*Records for this task*.
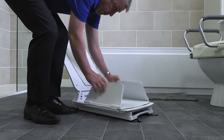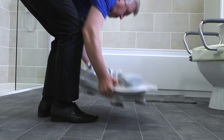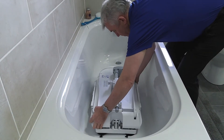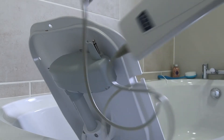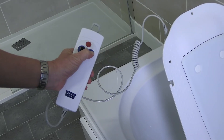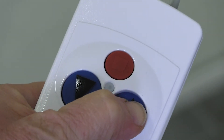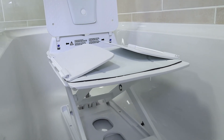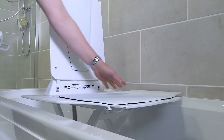Close the side flaps and backrest fully to pick up and move your Assure Bath Lift. When placing the Assure in the bathtub, make sure to leave space so that the backrest can open fully. This will make it easier to attach and use the handset. Use the big buttons to control the backrest and move the seat up and down. When raised, you will want the seat level to the top of the tub so that the user may comfortably slide on and off the seat using the side flaps.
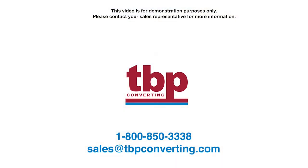This video is for demonstration purposes only. Please contact your sales representative for more information.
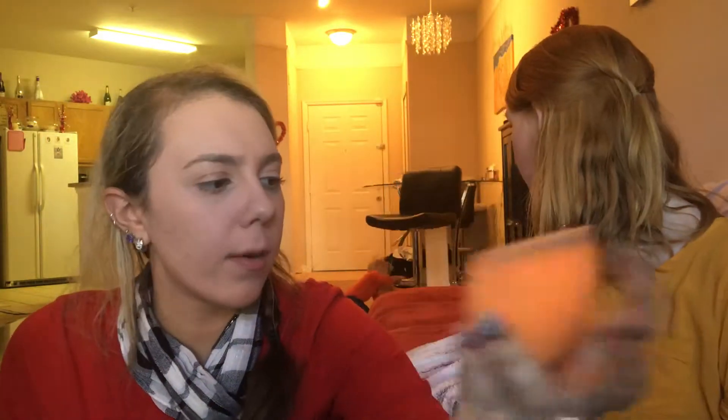Oh, you ripped it with your nail? Yeah, I must have. And then hers is definitely a lot smoother — it's a lot softer, a lot squishier, whereas the Beauty Blender is more porous.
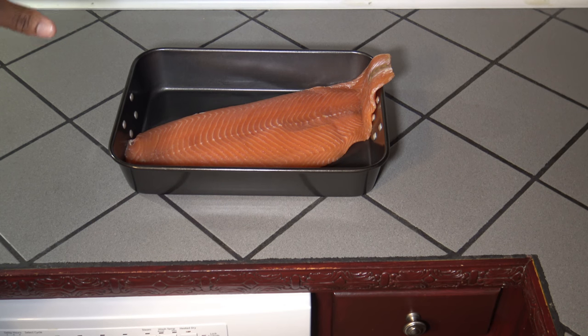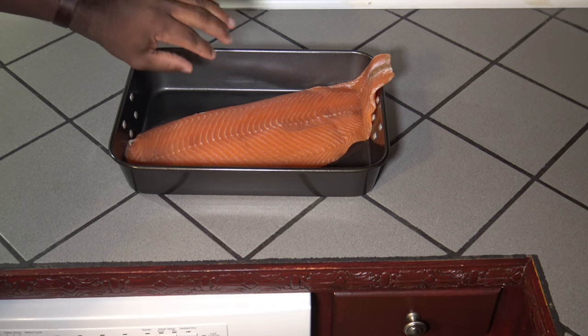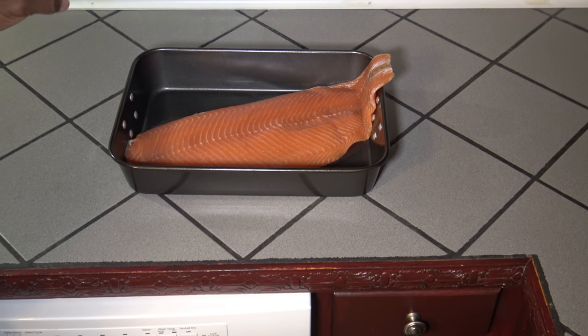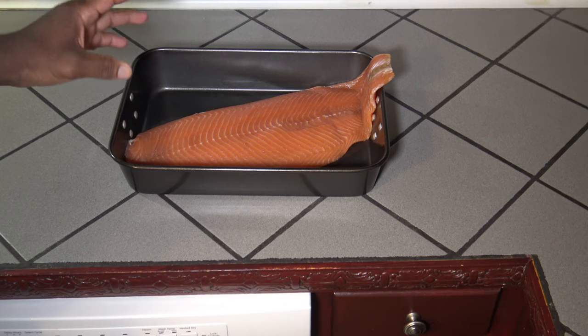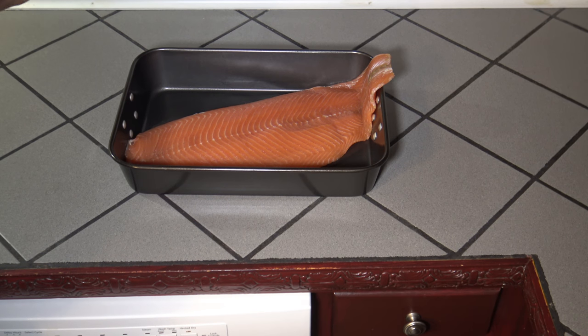I'm going to put this in the refrigerator for about four hours uncovered. What that's going to do is cause the top side to get a shiny sheen. When I cook it on the smoker, it won't have a whole bunch of white stuff coming up on it. If you've seen salmon that's been cooked and wasn't prepared well, there's a bunch of white polyps coming up on it. There might be a little bit down the middle, but hopefully not too much.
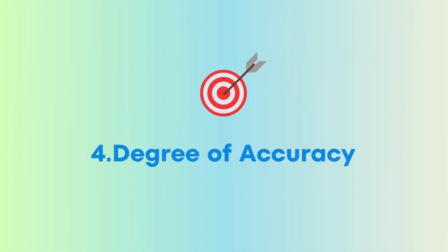Tip number four: use the correct degree of accuracy. Always give your answer in an exact form. In the event that this is not possible, give your answer correct to three significant figures. For angles in degrees, give your answer correct to one decimal place, and for angles in radians, give your answer correct to three significant figures.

*Exercise*. Copy the material exactly. Do not include the pictures.

*Answer to the problem*.
Close the side flaps and backrest fully to pick up and move your Assure Bath Lift. When placing the Assure in the bathtub, make sure to leave space so that the backrest can open fully. This will make it easier to attach and use the handset. Use the big buttons to control the backrest and move the seat up and down. When raised, you will want the seat level to the top of the tub so that the user may comfortably slide on and off the seat using the side flaps.
This video is for demonstration purposes only. Please contact your sales representative for more information.
Oh, you ripped it with your nail? Yeah, I must have. And then hers is definitely a lot smoother — it's a lot softer, a lot squishier, whereas the Beauty Blender is more porous.
I'm going to put this in the refrigerator for about four hours uncovered. What that's going to do is cause the top side to get a shiny sheen. When I cook it on the smoker, it won't have a whole bunch of white stuff coming up on it. If you've seen salmon that's been cooked and wasn't prepared well, there's a bunch of white polyps coming up on it. There might be a little bit down the middle, but hopefully not too much.
Tip number four: use the correct degree of accuracy. Always give your answer in an exact form. In the event that this is not possible, give your answer correct to three significant figures. For angles in degrees, give your answer correct to one decimal place, and for angles in radians, give your answer correct to three significant figures.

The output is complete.